Строго говоря, Луговской ничего не «выбрал», а был комиссован.
В то время как почти все крупнейшие писатели той эпохи получили свою бронь: и Шолохов, и Катаев, и Леонов, и Зощенко, и Пастернак — демобилизованный из-за перелома ноги ещё в Первую мировую. Кто-то из них бывал на фронте наездами, кто-то реально рисковал, кто-то не доезжал вообще, но спросу нет ни с кого. Всеволод Иванов был всего на шесть лет старше Луговского — находился в Ташкенте и едко издевался над своим спивающимся знакомым. Анатолий Мариенгоф, на четыре года старше Луговского, — был в Кирове, в эвакуации: всё по закону. Даниил Хармс вообще объявил, что на фронт его призывать нельзя, а если призовут — он будет стрелять в спину красным командирам. У Хармса огромное количество адвокатов, а на вдруг объявившегося обвинителя Хармса сегодня посмотрят, как на душевно больного человека.
Целый вагон актёров и режиссёров катился в том же составе, что и Луговской, в Ташкент — кто-то сказал им, что они выбрали дыни? Там ведь тоже сидели люди, снимавшие героические картины и игравшие героических персонажей.
Ольга Грудцова в своих воспоминаниях, прямо обращаясь к Луговскому, хорошо формулирует то, что отчасти было сказано Симоновым, но чуть иначе, чуть, что ли, по-женски: «Всем простили спокойную совесть, с которой люди устраивались в тылу, лёгкость, с которой добывали брони, ты же не обязан был воевать, но тебе не простили ничего. Не простили твоих ружей и сабель, выставленных вдоль стен в кабинете, твоих рассказов о борьбе с басмачами… Они до сих пор считают, что ты их обманул. Где им понять, что ты сам в себе обманулся и что это больнее, чем ошибиться в другом! Кто-то из них подумал, как тебя сжигал стыд и что поэтому ты пил беспробудно. Они-то ведь никогда не испытывали позора, все они были довольны собой».
Потом, когда уже случится перелом в войне, Луговскому не раз предложат: езжай теперь на фронт, мы атакуем, уже можно, уже проще. Никуда не поехал: прошёл до конца свой путь — плюнутый, раздавленный, убогий. Судьбу надо допивать, не оставлять на донышке. Капкан щёлкнул — пусть добивает охотник.
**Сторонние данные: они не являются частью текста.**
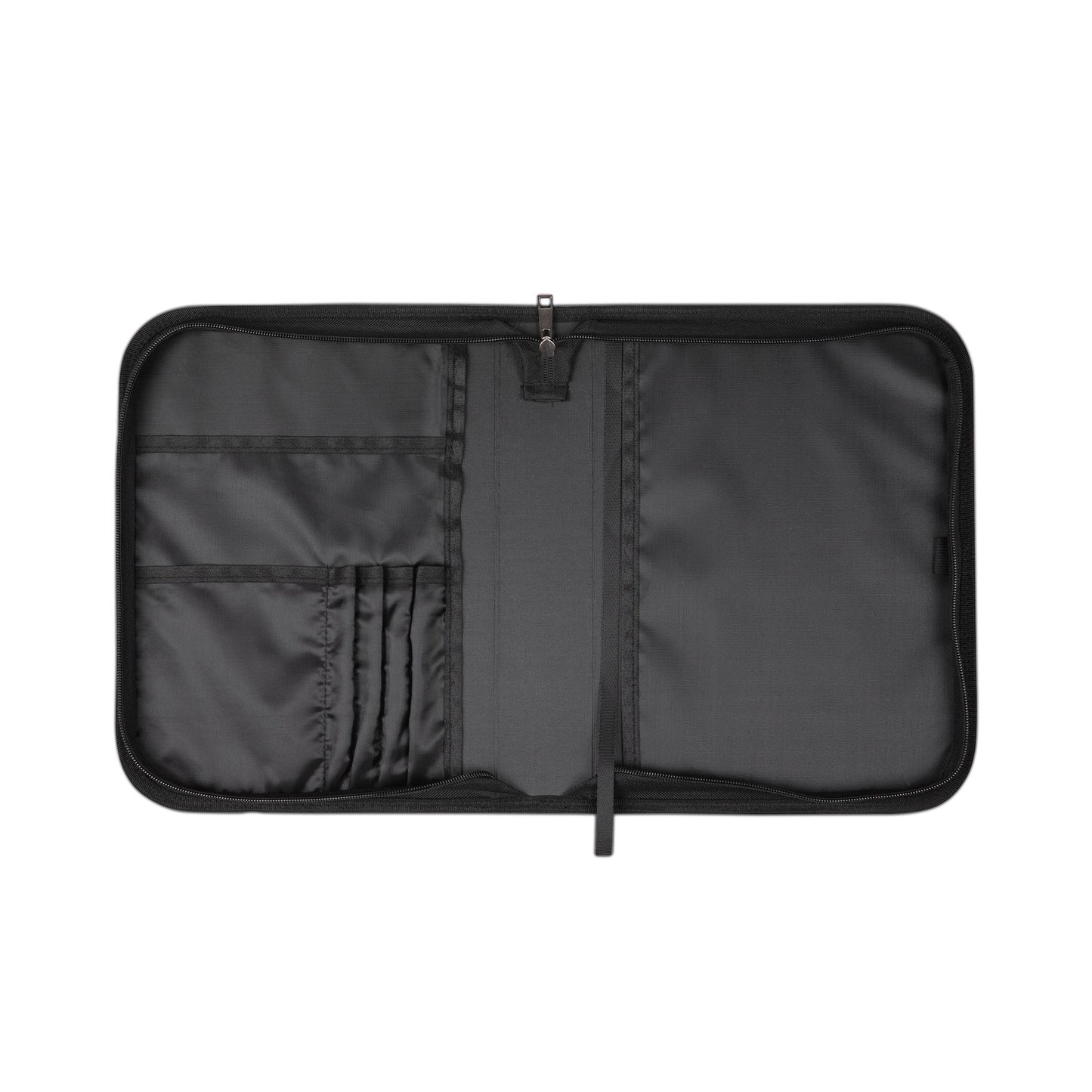 Strawberry Bible Cover, Floral Christian Accessory, Gift for Worship, Religious Journal Case, Church Essentials, Devotional Keeper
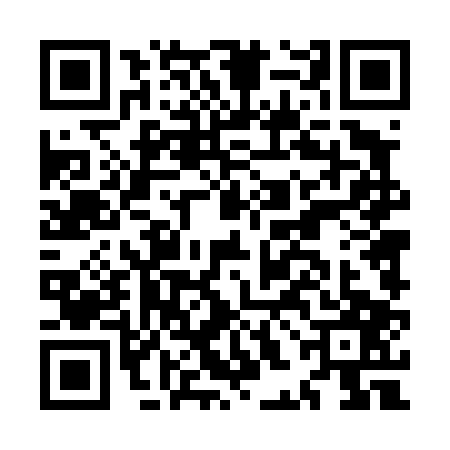 QR code for MHD4073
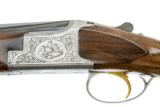 BROWNING P1B PRESENTATION SUPERPOSED SUPERLITE 410 - 6 of 15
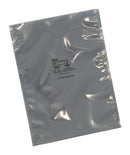 SCS 1501526 Anti Static Bag Shielding (Metal-Out) 26 &quot; 660.4 mm 15 381 76.2 &micro;m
В дневнике он записывает: «Величие унижения, ибо в нём огромное освобождение».
С какого-то момента Луговской в своём новом качестве стал многим выгоден — струсившим, спрятавшимся, одичавшим в своём ужасе — они скрылись за его спиною, потому что в любую минуту можно сказать: а во-от Луговской, слышали? О, это история…
Такой памятник осыпался! Такой титан над всеми возвышался. Ещё полвершка бы, и до Маяковского дорос. И нет титана.
Случившееся с Луговским имеет почти иррациональные объяснения. Словно бы ему сказали: так долго хотел большой войны — жди с войной большой беды. Не совладал с бедой, тогда я, судьба твоя, тебя опозорю. Не совсем заслуженно или совсем не заслуженно, но что поделать. На то я и судьба. Заодно, кстати, сделаю тебя великим поэтом…
Кто мог бы не прощать его на всех непомерных основаниях — так это его ученики: Борис Лебедев, Леонид Кацнельсон, Василий Резвов. Все трое погибли на Отечественной. И ещё его Этьенетта. Но от их имени говорить кому-то — много чести.
КАК ОТРЕЗАЛО
Ольга Михайловна Луговская, мать поэта, умерла 7 апреля 1942 года.
Ходили, добивались места на кладбище, Луговской всё распахивал пальто, чтоб ответственные лица видели его орден.
9 апреля похоронили. Небо было ясным. Дощатый жёлтый гроб. Тополь в ногах.
И его стихи об этом.
Сестра Татьяна расскажет после всего: «Володя запил и пил ужасно, пока мама не умерла, а потом как отрезало».
Луговской начинает работать. Смерть отца сделала его поэтом. Смерть матери вернула ему силу. Великое унижение даровало ему крылья. В Ташкенте Владимир Луговской начнёт писать — и вчерне напишет одну из самых лучших поэтических книг за всю историю русской поэзии. Позже эта книга будет названа «Середина века».
Весной, когда зацвели деревья, Ахматова однажды видит, как Луговской вскапывает землю во дворе.
— Если хотите знать, что такое поэт, посмотрите на Луговского! — чеканит Анна Андреевна.
Луговской, правда, перекопал двор вместе с кирпичными дорожками, которые пришлось потом перестилать, но это ничего.
Он снова мирится и сходится с Булгаковой. Живут — одной семьёй.